Study: Offices Are Minefields Of Empty Calories

When you work in a large enough office, the break room constantly seems to be hosting some sort of food-related celebration: cupcakes for Dianne's new baby, pizza for Staff Appreciation Friday, a box of random doughnuts someone brought in because it's Tuesday. According to a study from the U.S. Centers For Disease Control And Prevention, the average office worker (about a quarter of the population) consumes 1,300 calories a week just based on what they eat around the office, not food they bring from home or buy as take-out. We must really be used to free office goodies, because that number didn't even seem terribly high to us.

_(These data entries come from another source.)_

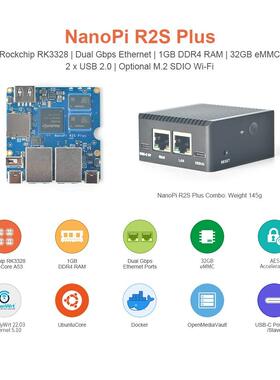 [NanoPi R2S PLUS开发板]迷你RK3328双千兆网口32GeMMC支持M2WiFi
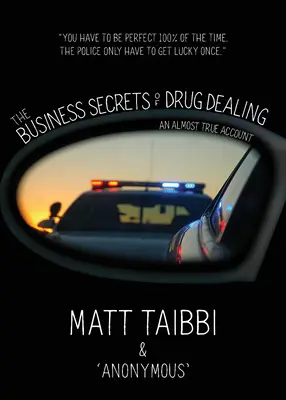 Obchodné tajomstvá obchodovania s drogami: Obchodovanie s drogami: takmer pravdivý opis - The Business Secrets of Drug Dealing: An Almost True Account
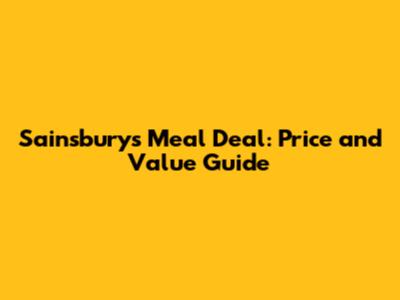 Sainsbury's Meal Deal: Price and Value Guide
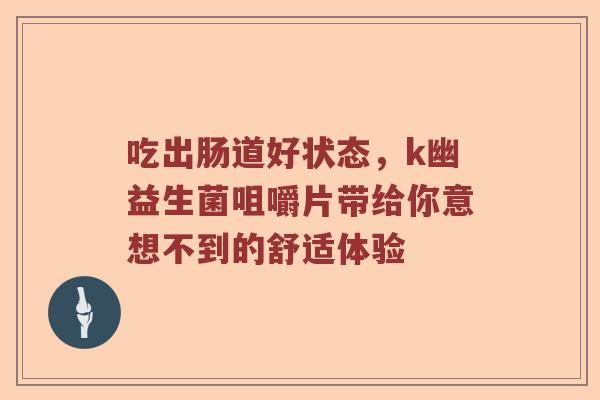 吃出肠道好状态，k幽益生菌咀嚼片带给你意想不到的舒适体验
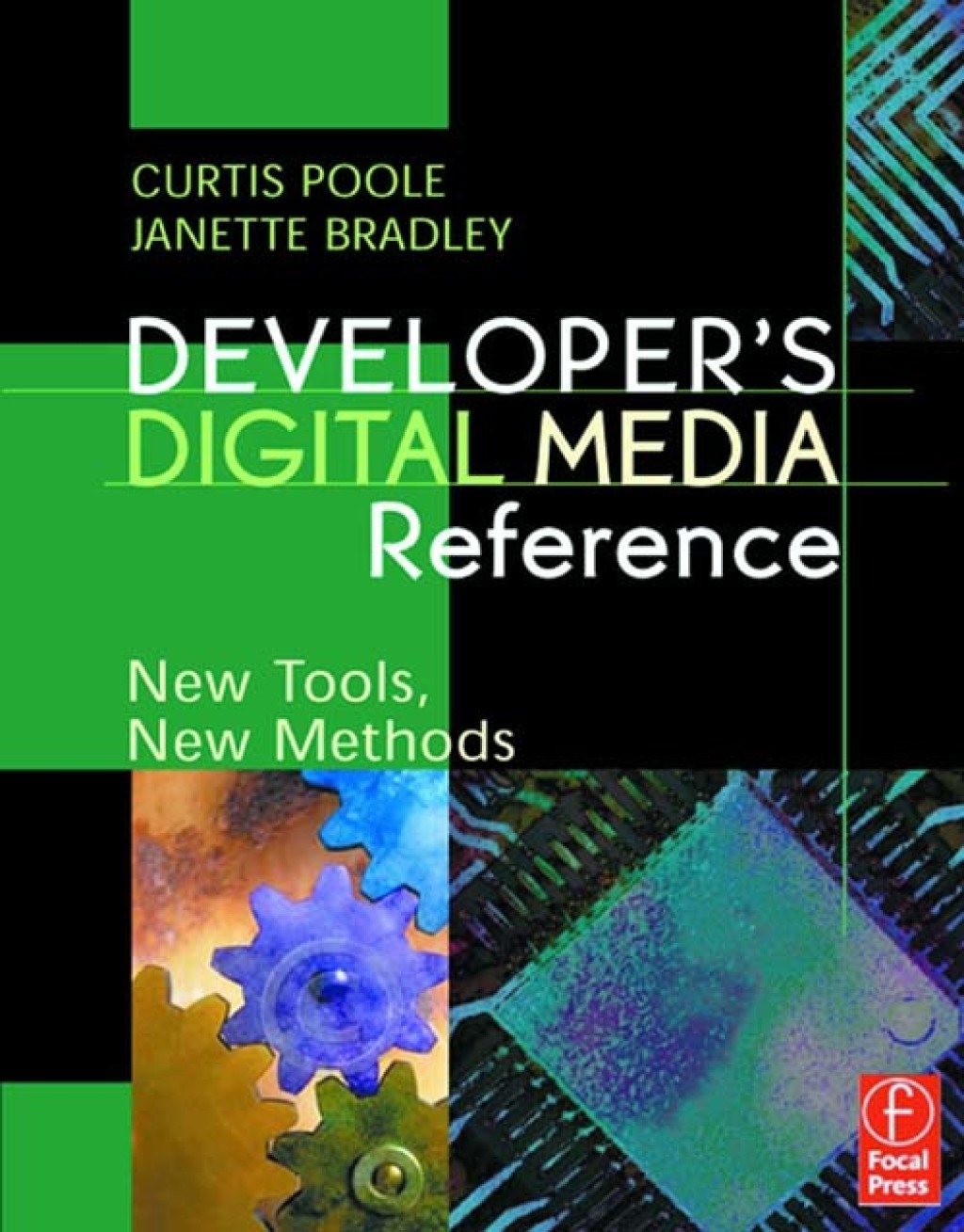 Developer's Digital Media Reference New Tools, New Methods 1st Edition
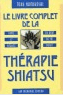 Le livre complet de la Thérapie Shiatsu par Toru Namikoshi Ed. Guy Tredaniel 2004
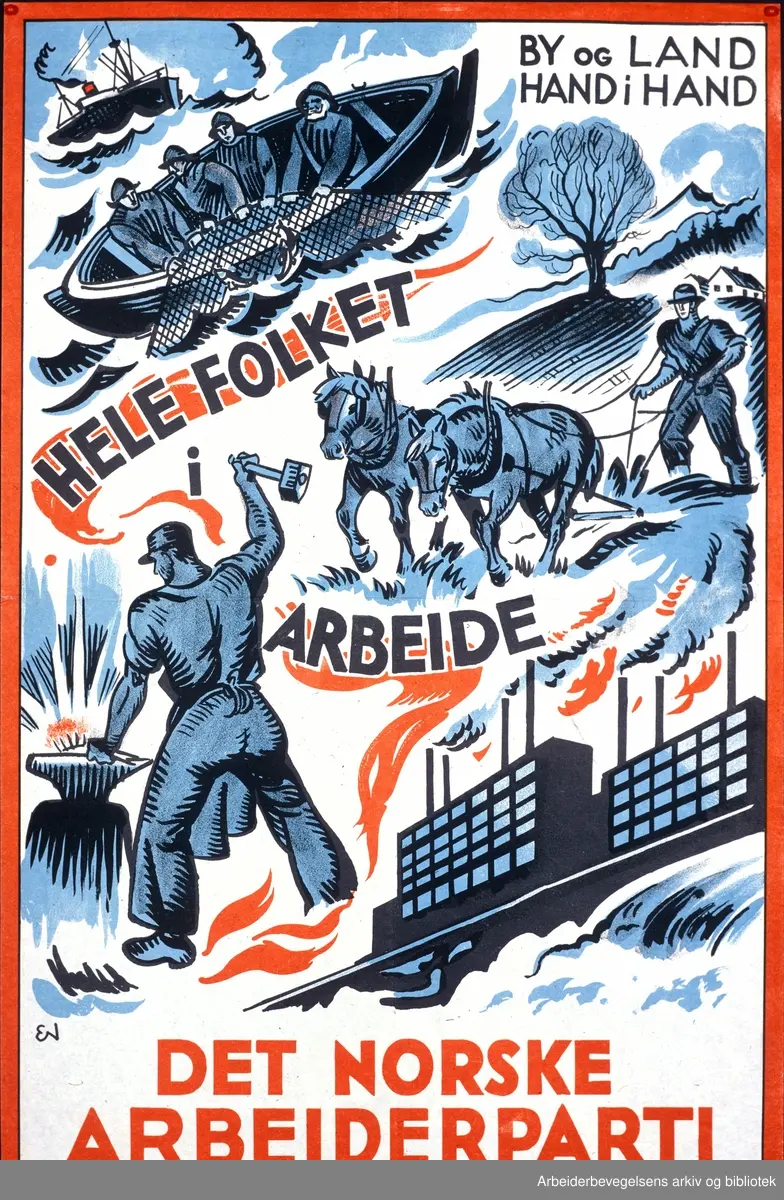 Plakat DNA. By og land hand i hand. Hele folket i arbeide. Det norske Arbeiderparti. Stortingsvalget i 1933.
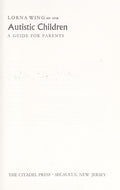 Cover of Autistic Children: A Guide for Parents (Volume 0)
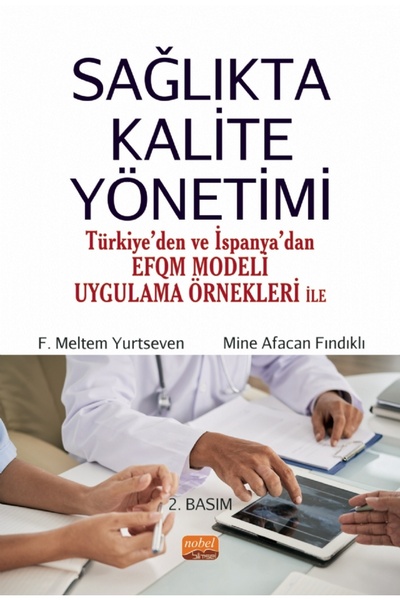 Nobel Bilimsel Eserler إدارة جودة الرعاية الصحية (مع أمثلة على ممارسة نموذج E...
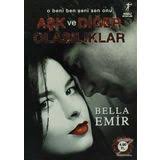 AŞK VE DİĞER OLASILIKLAR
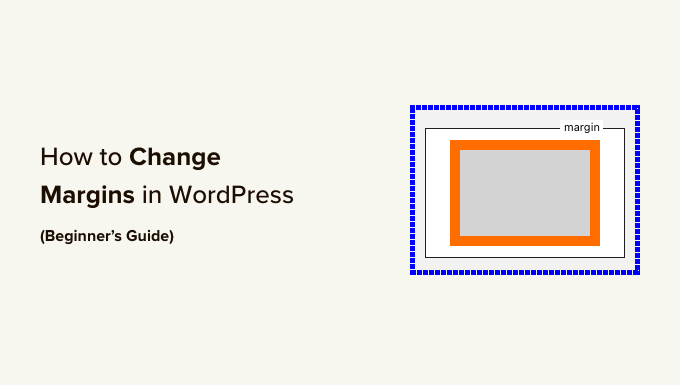 Add or change margins in WordPress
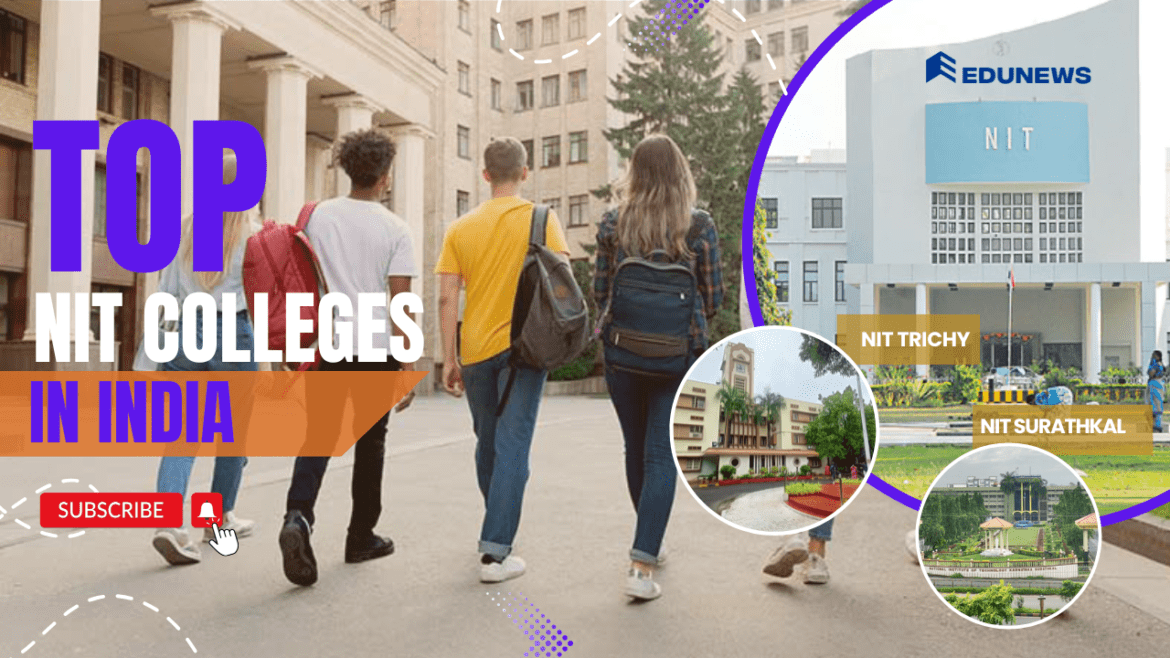 Top NIT Colleges In India 2025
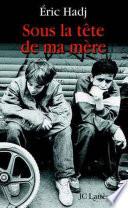 Sous la tête de ma mère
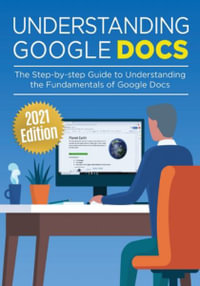 Understanding Google Docs : The Step-by-step Guide to Understanding the Fundamentals of Google Docs - Kevin Wilson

WebMD says the study's co-author, Stephen Onufrak, an epidemiologist at the CDC, pinpoints the main reason we can't seem to resist the candy bars and chips: "The majority of the calories people got at work, people didn't pay for—70 percent of the calories were free."

That's usually our rationale. Free food! What are we supposed to do, leave it there? What if we never see another Boston creme again? What if it gets thrown away? Tragic, we say. Based on our own experience, we'd also point to the influence of food peer pressure: When someone announces "Free tacos in the break room," no one wants to be the loner who doesn't dive into the guac trough. And work is stressful! Surely we've earned this completely unnecessary 3 p.m. enchilada.


Pizza was the food responsible for the most calories consumed, according to the survey of more than 5,000 employees, followed by sandwiches and non-diet sodas. Onufrak tells ABC News that employers should consider swapping pizza and sandwiches for healthier options: "Employers can encourage healthier foods at meetings and events, especially when the employer is providing free food to employees."

The staff-morale consequences of switching up Pizza Fridays for Veggie-And-Hummus Fridays have not yet been examined.